The measurement strategy depends on the required measurement time to detect a \(1\times 10^{-22}\hbox { W}\) signal with the desired significance and the time needed to readjust the disk spacings to change the frequency band of the power boost factor \(\beta ^2\). The Dicke equation (4.1) suggests that the measurement time for a scan over a fixed frequency range is inversely proportional to the square of the signal power \(P_{\mathrm{sig}}\), where \(P_{\mathrm{sig}}\) itself is proportional to \(\beta ^2\). The measurement time is further proportional to the number of individual scans per GHz, given by \(1 \mathrm \ GHz / \Delta \nu _\beta \), such that the total measurement time is inversely proportional to \(\beta ^4\Delta \nu _\beta \). Since the area law suggests \(\beta ^2 \Delta \nu _\beta \sim \mathrm{const}\), it is in principle favorable to make \(\beta ^2\) big and \(\Delta \nu _\beta \) small, until the measurement times become comparable to the readjustment times for the disks. Increasing the boost factor further decreases \(\Delta \nu _\beta \) and thus requires more readjustments, which in turn increase the total scan time again.

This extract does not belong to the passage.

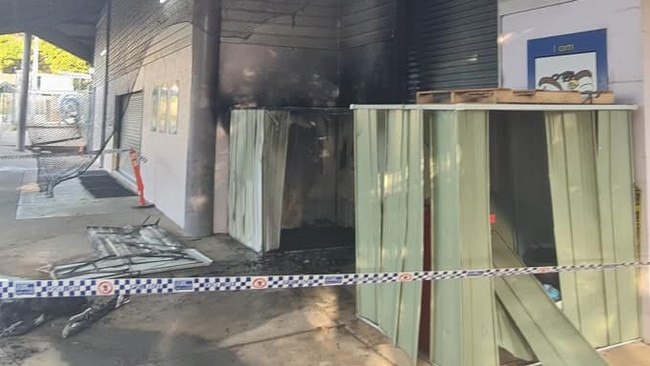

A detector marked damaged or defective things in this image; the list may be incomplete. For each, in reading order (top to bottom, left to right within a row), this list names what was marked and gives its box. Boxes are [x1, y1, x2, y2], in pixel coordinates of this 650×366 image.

fire-damaged wall [219, 0, 340, 107]
fire-damaged wall [340, 1, 404, 104]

The readjustment time, during which no data is taken, is conservatively estimated to be around a day. The measurement time further depends on the system noise which is assumed to be \(T_{\mathrm{sys}} = \) 8 K and the detection efficiency, for which we assume \(\sim 80\% \). Note that the numbers stated in the above considerations are preliminary estimates with respective uncertainties. Under the stated assumptions one finds that the mass range between 40 and 120 \(\upmu \hbox {eV}\) could be scanned within \(\sim 5\) years [56], showing the experimental feasibility of this approach. The mass range above 120 \(\upmu \hbox {eV}\) requires additional R&D especially for the detection technique and could be covered with detectors working at or below the quantum limit for the required frequency range.
Fig. 11

Receiver chain of the presented proof of principle receiver

5 Proof of principle measurements with first test setup

First proof of principle systems for the booster and the receiver have been assembled and tested. A receiver system based on a HEMT preamplifier and heterodyne mixing as described in Sect. 4.2 has been set up. Additionally, a first proof of principle booster with up to 5 sapphire disks has been built and the electromagnetic response was tested for different cases of equidistant disk positions.

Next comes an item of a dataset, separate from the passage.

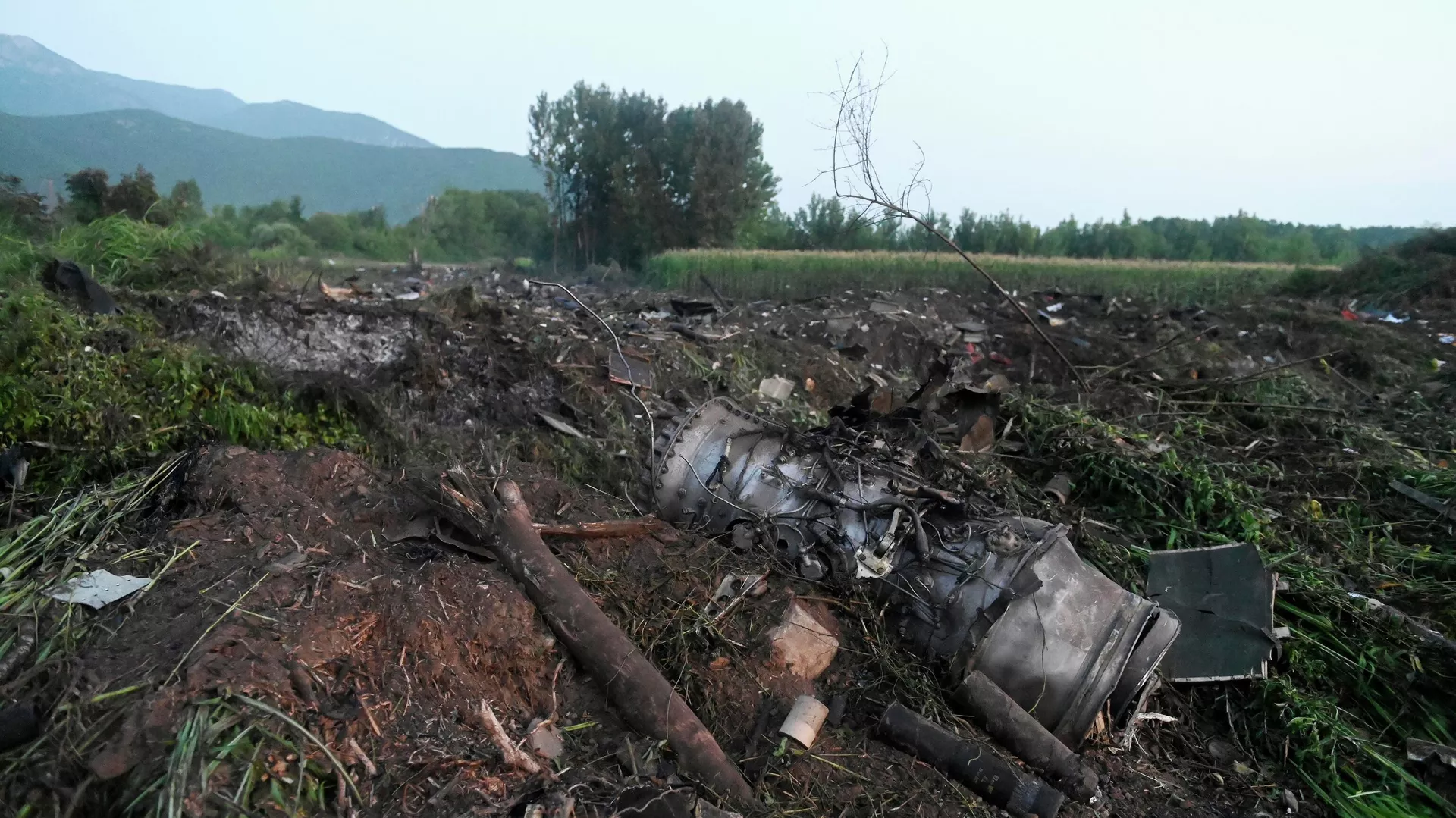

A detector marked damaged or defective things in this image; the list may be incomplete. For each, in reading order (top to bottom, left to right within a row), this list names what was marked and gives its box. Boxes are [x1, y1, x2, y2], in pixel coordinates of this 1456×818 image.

burned engine component [655, 397, 1177, 755]
charred aircraft wreckage [649, 378, 1183, 813]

The setups were used for first proof of principle measurements, and are described in more detail in the following subsections. These measurements indicate that the assumptions on 10–30 GHz receiver sensitivity and disk placement precision, necessary to estimate the sensitivity of the MADMAX approach, are realistic.

5.1 The proof of principle detection system

The detection system of the “proof of principle setup” consists of a three-stage heterodyne receiver with subsequent Fast-Fourier signal analysis (Fig. 11). The high sensitivity of the receiver is achieved by an InP-HEMT operating at an ambient temperature of 4 K. The amplifier has a noise temperature of 5–6 K and a gain of 33 dB, which is sufficient to determine the noise performance of the receiver. Afterwards the frequency down-conversion is done at room temperature to a center frequency of 26 MHz with a total bandwidth of approximately 50 MHz. Data acquisition happens using four time-shifted digital 16 bit samplers with a sampling rate of \(200\times 10^6/\hbox {s}\) and internal FPGAs for real time FFT calculation and subsequent averaging. This method allows the reduction of the system dead-time from 75% to less than 1%. The bin-width of the Fourier transform is 2.048 kHz.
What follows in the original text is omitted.